My gender-rebel / genderwild identity is strengthened by practising restraint. I see both will-power and the greater Will as ‘male’: as exactly one equal half of the divine, or put another way, one equal half of the observable universe. Since the Big Bang or whatever was before it, everything is part of the same momentum. We are all part of the same momentum. I would characterise this momentum as ‘male’. Perhaps what the universe expands into, that which potentially drew out the Big Bang, could be characterised as ‘female’?

It seems to me that the worthy cause of the exposure and destruction of patriarchy has become confused by a misunderstanding of the essential benignness and neutrality of maleness. Maleness is not patriarchy, unless you choose to construct it in that way; we all construct these concepts a little differently.

For me at least, as a gender rebel or genderqueer or genderwild person, I think that it is healthy for all people, whether male, female, both, neither, or somewhere inbetween, to strengthen whichever identity they adopt or construct, with a healthy balance of will-power and Love. Queer as well as feminist identities, I feel, would be grounded and strengthened by reclaiming a balanced ‘male’ and ‘female’ basis of personal action (you can call it spiritual or you can call it scientific, depending on whether your religion is atheism or something else.)

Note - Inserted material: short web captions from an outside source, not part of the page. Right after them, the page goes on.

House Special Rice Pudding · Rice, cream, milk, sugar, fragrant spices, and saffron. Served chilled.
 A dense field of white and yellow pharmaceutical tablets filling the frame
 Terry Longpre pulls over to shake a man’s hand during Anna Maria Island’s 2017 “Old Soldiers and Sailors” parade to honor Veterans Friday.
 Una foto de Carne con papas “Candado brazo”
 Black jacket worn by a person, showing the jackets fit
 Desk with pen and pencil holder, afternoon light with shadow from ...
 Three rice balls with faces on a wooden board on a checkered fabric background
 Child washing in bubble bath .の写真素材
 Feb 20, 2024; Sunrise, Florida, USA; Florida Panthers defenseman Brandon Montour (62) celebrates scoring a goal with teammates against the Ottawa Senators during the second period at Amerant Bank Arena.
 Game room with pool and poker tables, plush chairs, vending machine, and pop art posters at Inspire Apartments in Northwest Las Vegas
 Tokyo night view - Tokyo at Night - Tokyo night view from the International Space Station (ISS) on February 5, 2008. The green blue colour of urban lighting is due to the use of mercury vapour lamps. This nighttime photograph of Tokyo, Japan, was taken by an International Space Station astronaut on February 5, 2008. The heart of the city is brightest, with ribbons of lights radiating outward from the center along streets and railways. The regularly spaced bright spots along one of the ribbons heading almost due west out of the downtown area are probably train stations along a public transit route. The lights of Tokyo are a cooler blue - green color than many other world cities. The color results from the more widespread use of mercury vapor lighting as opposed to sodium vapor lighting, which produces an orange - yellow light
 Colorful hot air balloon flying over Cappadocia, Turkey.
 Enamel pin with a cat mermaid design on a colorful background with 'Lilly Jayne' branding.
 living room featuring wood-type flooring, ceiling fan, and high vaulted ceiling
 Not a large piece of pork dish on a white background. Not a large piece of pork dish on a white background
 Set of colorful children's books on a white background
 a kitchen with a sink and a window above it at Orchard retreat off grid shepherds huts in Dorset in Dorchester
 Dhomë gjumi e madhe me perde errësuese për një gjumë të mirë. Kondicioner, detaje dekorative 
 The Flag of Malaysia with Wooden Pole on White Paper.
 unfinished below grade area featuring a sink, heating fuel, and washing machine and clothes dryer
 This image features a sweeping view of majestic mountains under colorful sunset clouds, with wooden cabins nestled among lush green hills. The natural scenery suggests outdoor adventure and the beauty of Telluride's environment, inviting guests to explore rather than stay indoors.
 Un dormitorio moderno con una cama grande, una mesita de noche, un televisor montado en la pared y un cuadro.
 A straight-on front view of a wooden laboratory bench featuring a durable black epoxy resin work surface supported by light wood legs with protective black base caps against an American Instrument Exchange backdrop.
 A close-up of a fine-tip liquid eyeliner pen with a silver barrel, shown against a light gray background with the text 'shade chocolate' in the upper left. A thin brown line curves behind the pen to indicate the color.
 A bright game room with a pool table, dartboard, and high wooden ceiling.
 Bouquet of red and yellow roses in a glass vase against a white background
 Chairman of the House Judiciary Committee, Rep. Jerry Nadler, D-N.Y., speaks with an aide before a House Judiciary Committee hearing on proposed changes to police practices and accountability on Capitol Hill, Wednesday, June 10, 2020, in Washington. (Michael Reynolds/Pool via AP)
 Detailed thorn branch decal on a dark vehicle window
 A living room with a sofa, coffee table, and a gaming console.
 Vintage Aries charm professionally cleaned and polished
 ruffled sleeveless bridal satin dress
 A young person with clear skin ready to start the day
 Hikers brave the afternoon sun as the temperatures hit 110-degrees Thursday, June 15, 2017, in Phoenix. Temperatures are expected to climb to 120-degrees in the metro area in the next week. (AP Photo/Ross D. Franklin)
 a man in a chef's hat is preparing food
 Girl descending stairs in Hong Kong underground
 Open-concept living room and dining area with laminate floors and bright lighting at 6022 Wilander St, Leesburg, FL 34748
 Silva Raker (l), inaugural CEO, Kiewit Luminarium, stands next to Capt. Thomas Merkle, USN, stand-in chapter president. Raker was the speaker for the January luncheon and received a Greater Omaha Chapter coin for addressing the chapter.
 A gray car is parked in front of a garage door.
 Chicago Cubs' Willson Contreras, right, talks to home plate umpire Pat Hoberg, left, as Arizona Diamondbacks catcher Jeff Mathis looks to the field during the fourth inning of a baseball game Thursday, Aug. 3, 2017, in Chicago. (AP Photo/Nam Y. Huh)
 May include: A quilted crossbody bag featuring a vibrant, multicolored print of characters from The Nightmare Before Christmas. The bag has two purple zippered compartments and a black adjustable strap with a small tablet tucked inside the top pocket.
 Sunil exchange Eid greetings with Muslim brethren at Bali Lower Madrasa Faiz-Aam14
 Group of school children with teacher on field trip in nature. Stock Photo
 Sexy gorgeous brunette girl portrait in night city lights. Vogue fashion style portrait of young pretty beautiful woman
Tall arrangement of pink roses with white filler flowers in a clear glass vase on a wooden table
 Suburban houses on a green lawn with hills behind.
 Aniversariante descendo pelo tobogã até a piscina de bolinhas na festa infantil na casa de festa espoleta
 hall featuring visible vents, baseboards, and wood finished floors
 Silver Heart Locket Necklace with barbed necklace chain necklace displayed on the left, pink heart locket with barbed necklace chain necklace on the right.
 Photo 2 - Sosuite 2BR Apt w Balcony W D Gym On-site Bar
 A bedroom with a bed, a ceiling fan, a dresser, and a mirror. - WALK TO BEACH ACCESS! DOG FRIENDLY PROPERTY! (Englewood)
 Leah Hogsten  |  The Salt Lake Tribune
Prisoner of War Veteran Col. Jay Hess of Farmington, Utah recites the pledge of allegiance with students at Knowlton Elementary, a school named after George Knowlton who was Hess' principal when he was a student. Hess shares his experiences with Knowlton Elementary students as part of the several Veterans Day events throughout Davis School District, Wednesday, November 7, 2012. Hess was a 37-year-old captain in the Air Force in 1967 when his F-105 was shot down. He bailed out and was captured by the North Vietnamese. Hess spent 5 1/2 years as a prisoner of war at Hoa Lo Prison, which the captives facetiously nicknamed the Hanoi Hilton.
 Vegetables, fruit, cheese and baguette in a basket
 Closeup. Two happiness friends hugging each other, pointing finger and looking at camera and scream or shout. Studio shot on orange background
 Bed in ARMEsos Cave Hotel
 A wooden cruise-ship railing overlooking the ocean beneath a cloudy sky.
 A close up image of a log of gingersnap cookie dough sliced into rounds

I understand that maleness and femaleness are ultimately constructs, so call ‘male’ female and ‘female’ male if you like. The point is, a balance between discipline, or directed action, or momentum; and Love, or UPR, or compassionate acceptance, is a healthy thing. I make a plea here for gender balance, grounded in these arbitrary concepts, for health and convenience, and in order to reclaim and disentangle what can be usefully seen as ‘male’ from what is patriarchal. Will-power is not patriarchal until it becomes will-power over someone.